Giefrans juga mengaku menyerahkan dua dokumen terkait laporannya tersebut.
Sebelumnya, KPK mempersilakan masyarakat melapor terkait dugaan korupsi tersebut. KPK juga meminta masyarakat yang ingin membuat pengaduan harus membawa data atau dokumen awal untuk memudahkan proses selanjutnya.
Dugaan penambangan ilegal di Kaltim tersebut sempat diungkit oleh mantan anggota Satuan Intelkam Polres Samarinda Aiptu Ismail Bolong.
Video Ismail sempat beredar di media sosial yang mengaku melakukan pengepulan dan penjualan batu bara ilegal tanpa izin usaha penambangan (IUP) di wilayah hukum Kaltim dengan keuntungan sekitar Rp5 miliar-Rp10 miliar setiap bulan.
Ismail mengklaim sudah berkoordinasi dengan Kabareskrim Komjen Pol. Agus Andrianto dengan memberikan uang sebanyak tiga kali. Uang disetor bulan September 2021 sebesar Rp2 miliar, bulan Oktober 2021 sebesar Rp2 miliar, dan bulan November 2021 sebesar Rp2 miliar.
Lalu Ismail membuat pernyataan bantahan melalui video yang tersebar di media sosial.

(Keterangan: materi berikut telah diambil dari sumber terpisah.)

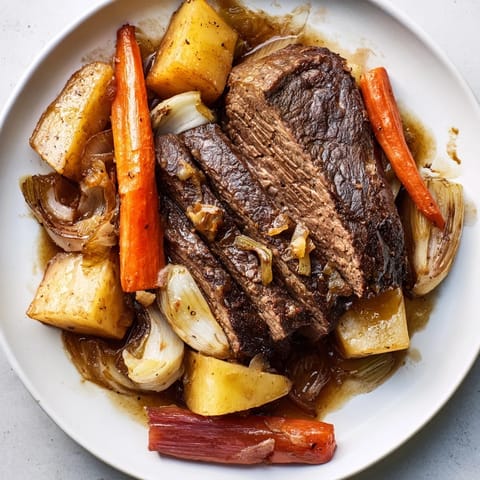 Sizzling close-up of Sunday Pot Roast, showcasing the fall-apart meat and vibrant roasted veggies.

Dalam video keduanya itu, Ismail memberi klarifikasi permohonan maaf kepada Komjen Agus atas berita yang beredar.
Dia mengklarifikasi bahwa dirinya tidak pernah berkomunikasi dan tidak pernah memberikan uang kepada Agus.
Sementara, Agus menegaskan ia mempertanggungjawabkan seluruh pekerjaannya kepada Allah sebagai tanggapan atas tudingan ia menerima setoran dari hasil tambang ilegal di Kaltim.
"Saya mempertanggungjawabkan seluruh pekerjaan saya kepada Allah SWT, sesuai arahan Bapak Presiden kepada Kapolri dan tuntutan masyarakat yang sedemikian cerdas," kata Agus dalam keterangannya pada Jumat (25/11).
Pernyataan tersebut merupakan tanggapan Agus terkait ucapan Ismail dan beredar nya laporan hasil pemeriksaan (LHP) DivPropam yang menyebut dirinya menerima setoran dari hasil tambang ilegal di Kaltim.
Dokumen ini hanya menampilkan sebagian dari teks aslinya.